5 ATM/5 Bar/50M: Very few human beings will ever dive down as far as 50 meters, but even if the opportunity presented itself, these watches would not be up to the task. They are, however, perfectly fine being gently submerged for short periods. Watches water resistant to 50 meters should be fine for the pool, but don’t swim too vigorously, dive from a board, or switch things up with a trip to the jacuzzi.

10 ATM/10 Bar/100M: At this point, real water sports like swimming, snorkeling, boating, etc. should all be possible. This is the kind of water resistance I would look for in any daily wear, just for added security.

20 ATM/20 Bar/200M/30 ATM/30Bar/300M: By the time we get down to 200 meters of water resistance, you can genuinely use these watches for diving. They should perform admirably at extreme depths and will be more than sufficient for the vast majority of recreational divers.

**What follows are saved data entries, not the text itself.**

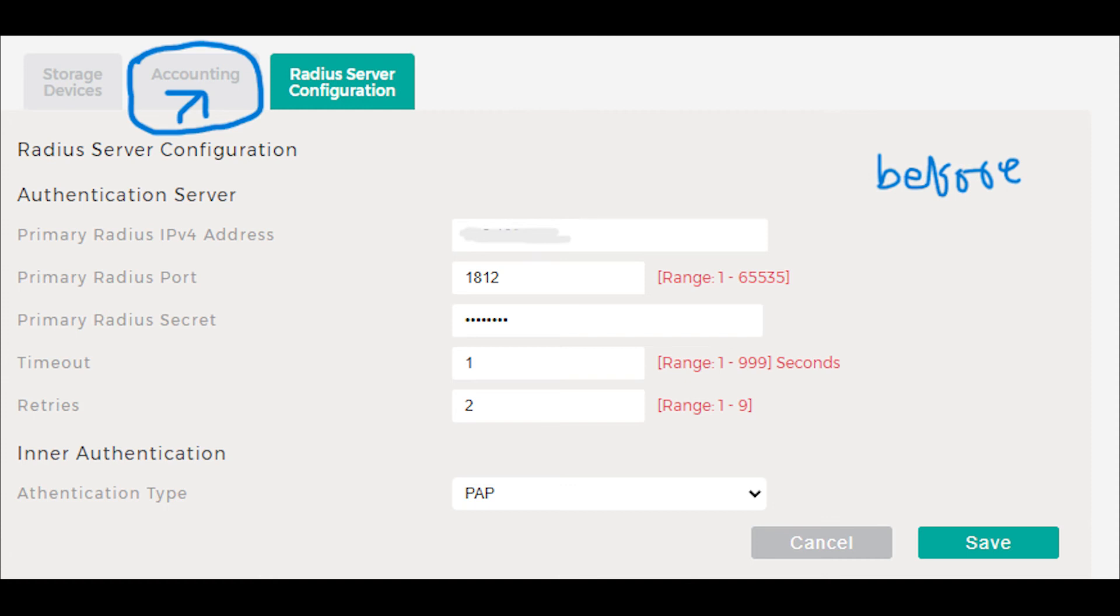Now, all I see under the administration section is the storage option. The backup and restore options are disabled too.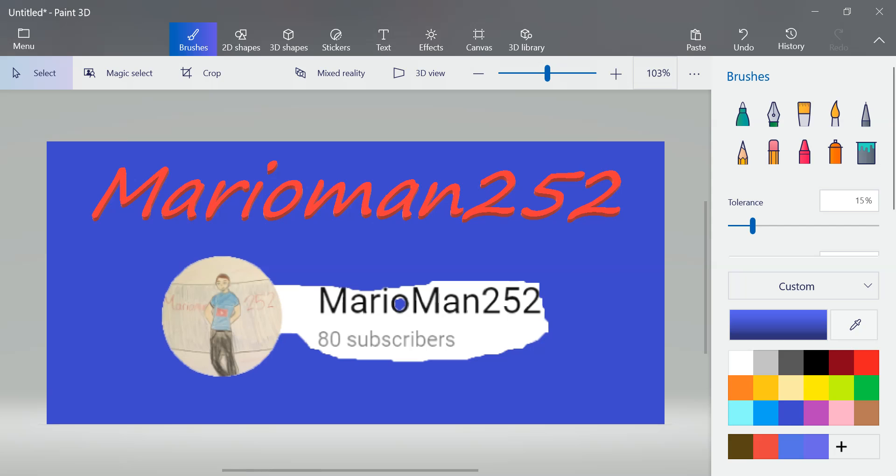And I knew from that point, and that was years ago, years ago. I knew from that point I wanted to do YouTube. I wanted to do YouTube. And I knew it was gonna be with Minecraft.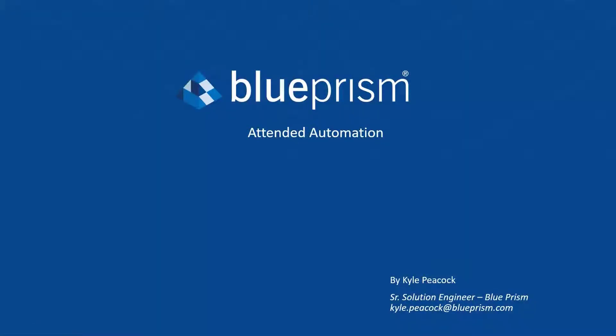Hello. This brief video provides a demonstration of Blue Prism's intelligent automation capabilities. My name is Kyle Peacock, and I'm a senior solution engineer here at Blue Prism.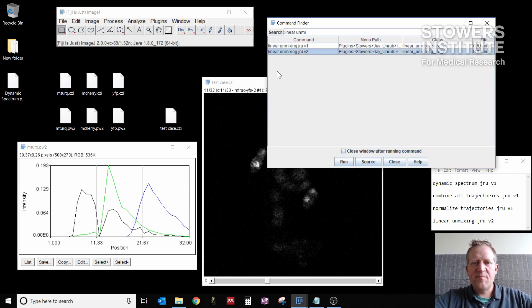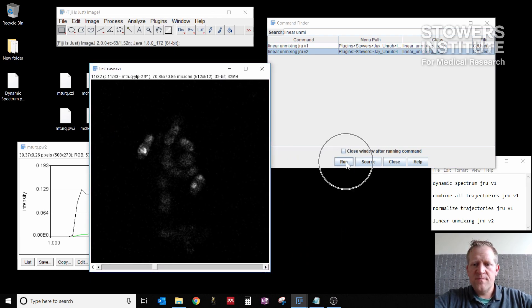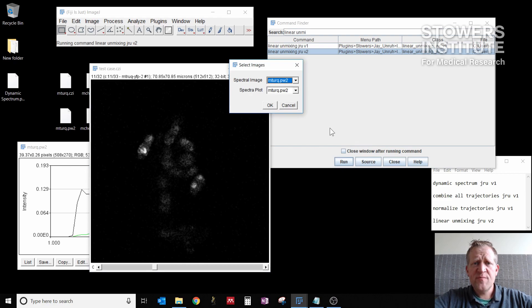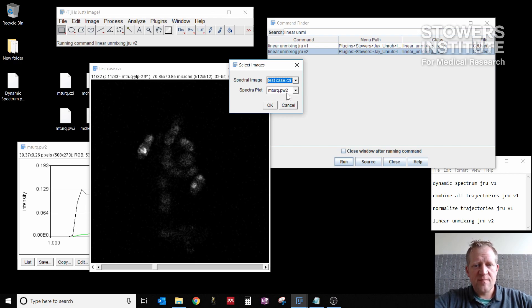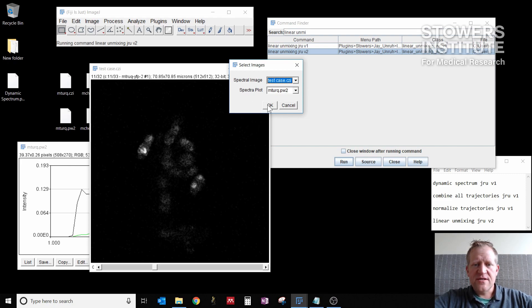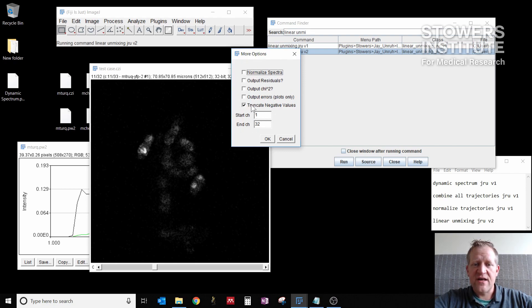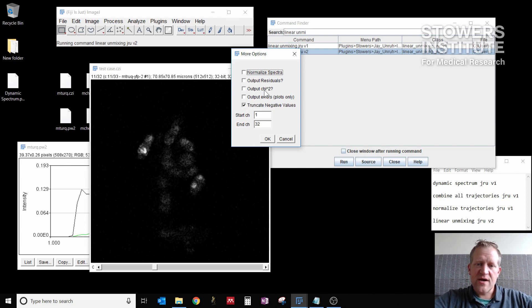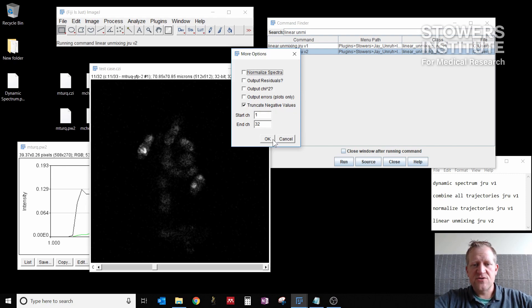So I select that plugin. I'm going to select my window and click run. The two inputs here, I need to select my image in the image window and plot in the plot window. So test case is my image and my PW2 file is my spectral plot. So I click OK. I have already normalized my spectra, so I want to deselect that, but I do want to make sure that I leave truncate negative values on. You can use the residuals, the chi-square and the errors as troubleshooting options to see if there's a spectra in there that you're not accounting for. But this is my default case to use. I want to make sure that I go from 1 to 32. So I click OK.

100 ATM/100 Bar/1000M/: We have now entered the territory of the serious saturation (SAT) diver. Watches with depth ratings at this level are finely-tuned, expertly machined tools designed to keep their wearers alive. These watches tend to be relatively enormous, with thick case walls and sapphire crystals several millimeters thick, designed to withstand the immense external pressures to which they are expected to be subjected.

Waterproof Watches vs Water Resistant Watches - Rolex Polar Explorer



4 Responses to “Waterproof Watches vs. Water Resistant – How to Tell the Difference”

  1. Francisco Cordero says:

    “Very few human beings will ever dive down as far as 50 meters”
    Sorry, but there are tens of thousands of technical divers (and I’m not talking about COMMERCIAL divers, just people scuba diving as a sport) going regularly well beyond those 50 meters, to 80, 90 and more than 100 meters down. Great explanation about the differences between proof and resistant, and the degrees of resistance; but that statement somehow devalued the rest of the article.

    • Paul Altieri says:

      You are certainly correct that 50 meters is within the limits that people dive these days, but given that most folks that scuba dive do so recreationally, the vast majority of all diving is done in less than 30 meters of water. Commercial divers will always be the outliers, and while there are plenty of people that have hit 50 meters, this still represents a tiny fraction of the diving population, let alone the watch-wearing public.
      You are right, the term “very few” can give people the impression that it is only a small handful of individuals that have ever reached 50 meters. More accurately, that sentence should read “Only a very small percentage of human beings will ever dive down as far as 50 meters” – thanks for the feedback!

  2. Alan says:

    Nice article! Thanks for sharing this informative post. Keep posting!

  3. Diederik says:

    Thanks, very useful indeed.
    I was looking a the Seiko SRPG35 wondering whether its 10 bar water resistance would allow me to swim and I feel reassured now that it does.